Terminada la misa, el esqueleto cogió con sus frías manos las del ladrón, y muy afablemente le dio las gra­cias por su buena acción, prometiéndole rogar por él al Señor en el otro mundo. Le explicó que él había si­do un sacerdote pecador y avaro, que iba acumulando riquezas mal adquiridas, si acordarse de los pobres y al morir, sin méritos para entrar en el cielo, fue envia­do al purgatorio, donde pasó cientos de años, y el Se­ñor le había prohibido la entrada en el cielo mientras no dijese una misa que le faltaba.
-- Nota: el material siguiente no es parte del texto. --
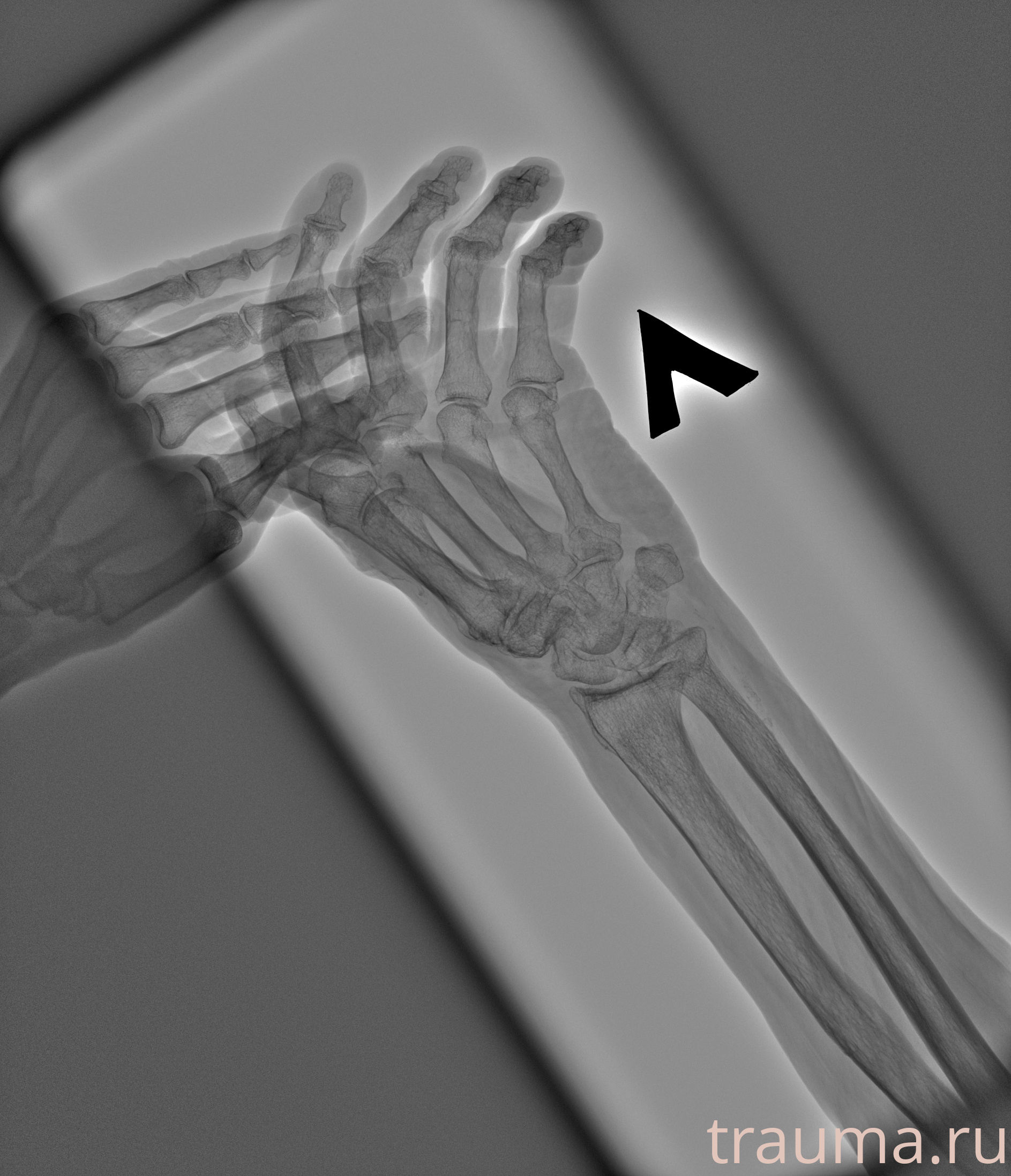 Рентген на дому: по вашему адресу приезжает врач-рентгенолог, травматолог-ортопед с мобильным рентгеновским аппаратом, проводит диагностику травмы или заболевания, делает необходимые рентгенограммы, дает рекомендации по дальнейшему лечению. Получить качественные снимки в домашних условиях возможно благодаря уникальной методике, разработанной МосРентген Центром для института  Склифосовского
Todas las noches, al dar las doce, le dejaba venir al mundo de los vivos, hasta que encontrara quien le ayudase a celebrarla, y durante mucho tiempo se tuvo que volver, apenado, a la región de los muertos.
-Tú me has ayudado hoy, y por ti podré entrar en el cielo, y en recompensa a este inmenso favor que me has hecho, te voy a descubrir dónde está oculto mi te­soro mal adquirido, que te cedo, para que, después de dar algunas limosnas, dispongas de él como gustes.
Al momento se apagaron las velas del altar, del que salió una luz azul con larga estela luminosa, que, atra­vesando la bóveda, fue a confundirse entre las estre­llas del cielo.
Impresionado quedó allí el ladrón, de rodillas, has­ta el día siguiente, en que volvió el sacerdote y le dio cuenta de todo lo sucedido aquella noche. En su pre­sencia, fue a desenterrar el tesoro, encontrando gran cantidad de riquezas, que empleó íntegras en la cons­trucción de una iglesia destinada a las ánimas del pur­gatorio. El ladrón invirtió en aquellas obras todos sus bienes, y murió después de una larga vida de tranquilidad.